Optique Atomique Cohérente

Elle se fonde sur l'analogie avec l'optique cohérente, qui utilise une source cohérente (laser). Il s'agit ici d'utiliser une source cohérente atomique, en d'autre terme il faut disposer d'atomes ayant tous entre eux une même phase bien définie, une telle source est un condensant de Bose-Einstein.
Parmi les réalisations on trouve les lasers à atomes, l'interférométrie atomique ...

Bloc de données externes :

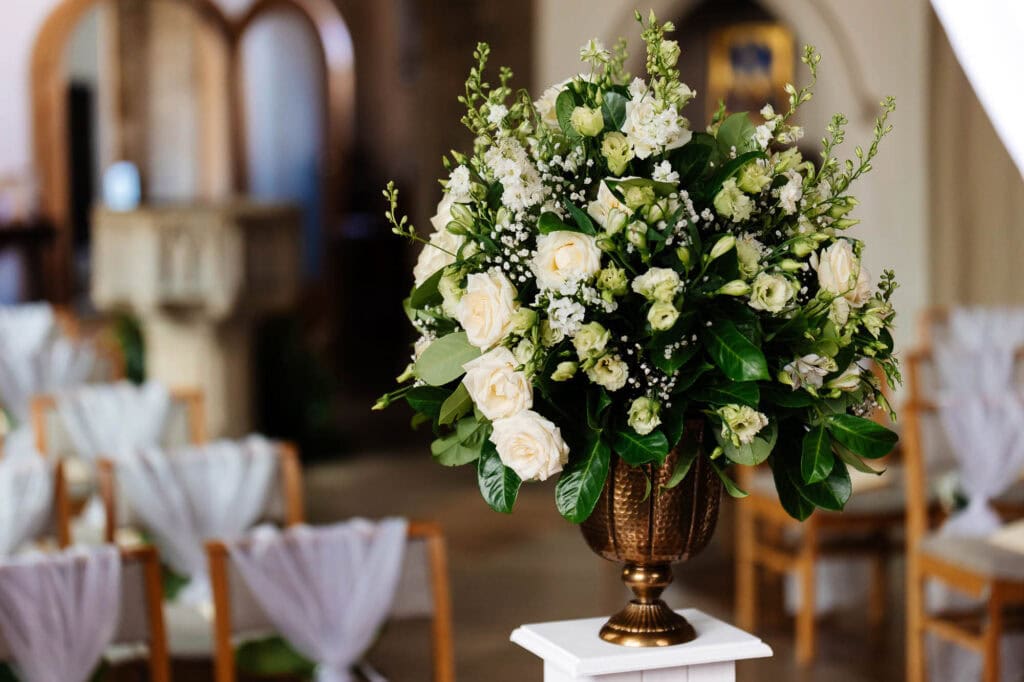 Elegant floral wedding centrepiece with white roses and greenery, designed for a sophisticated wedding reception at BGS Weddings.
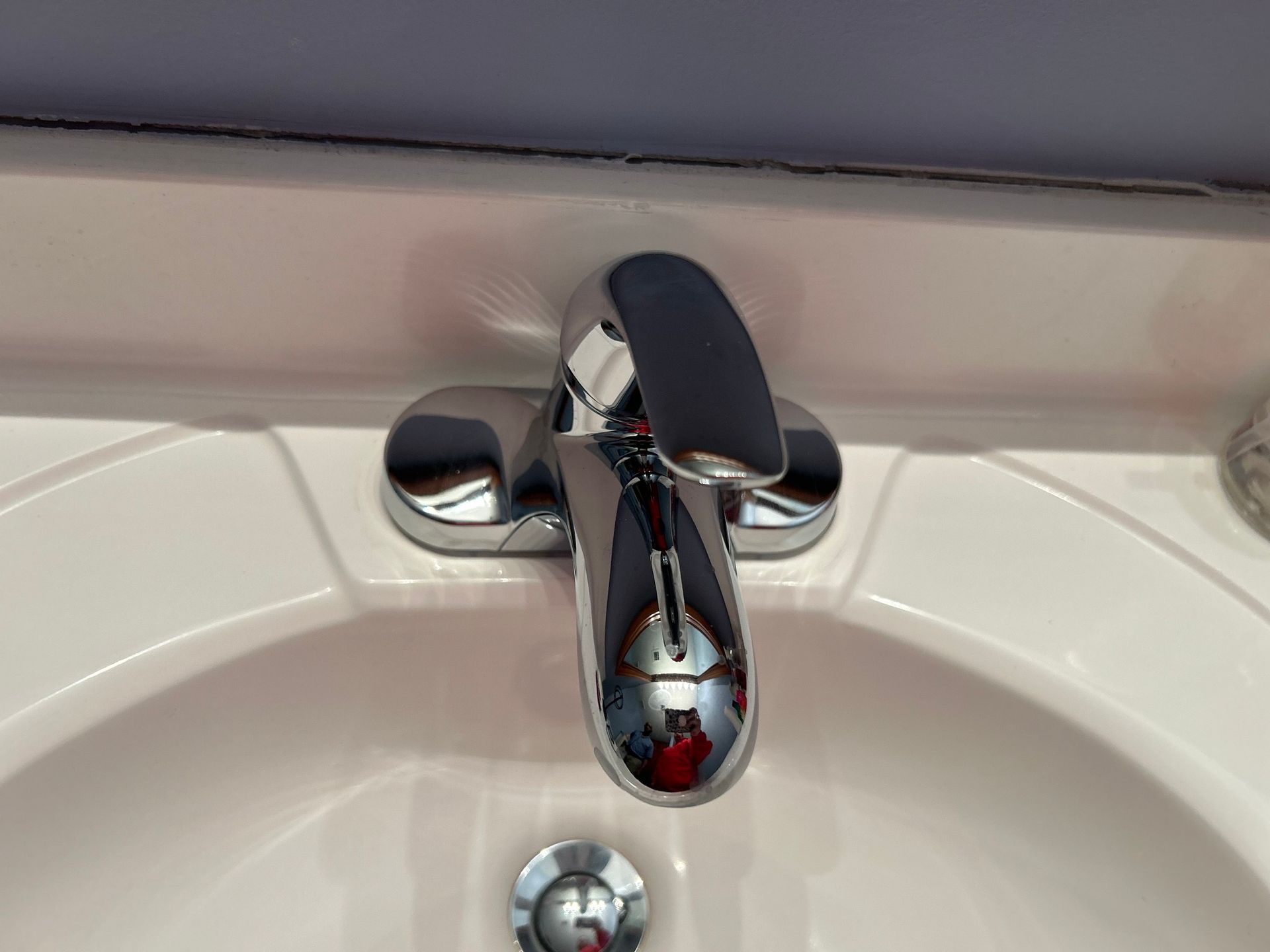 A bathroom sink with a chrome faucet on it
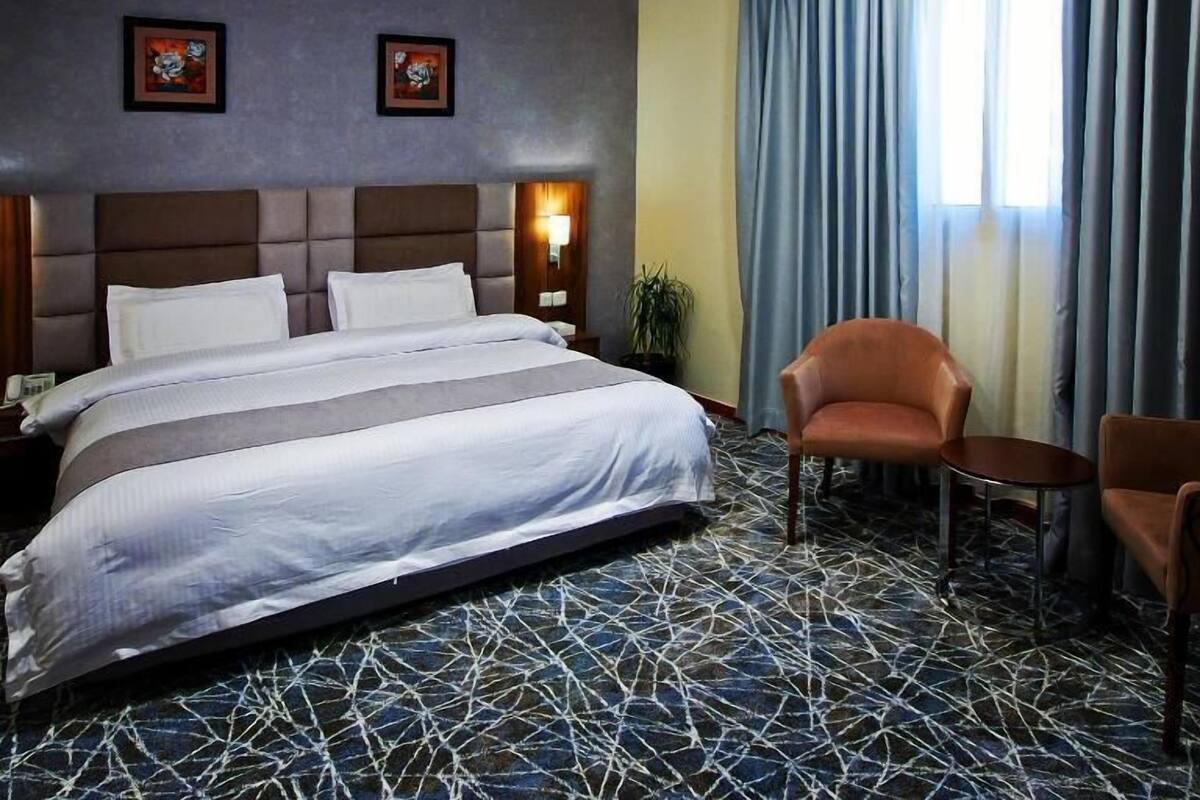 A hotel room with a large bed, two framed pictures on the wall, a chair, a small table, and a window with curtains.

Optique Atomique Quantique

Elle est basée sur l'optique quantique qui étudie (entre autres) les propriétés de photons uniques (dégroupementintrication, ..). Cette branche se propose d'étudier des phénomènes analogues avec des atomes uniques. Elle permet entre autres d'étudier les différences de comportement entre fermions et bosons.

Optique Atomique Intégrée

Cette branche utilise une puce microlithographiée (dite puce atomique ou puce à atomes) afin de piéger et de condenser des atomes avec un système réduit.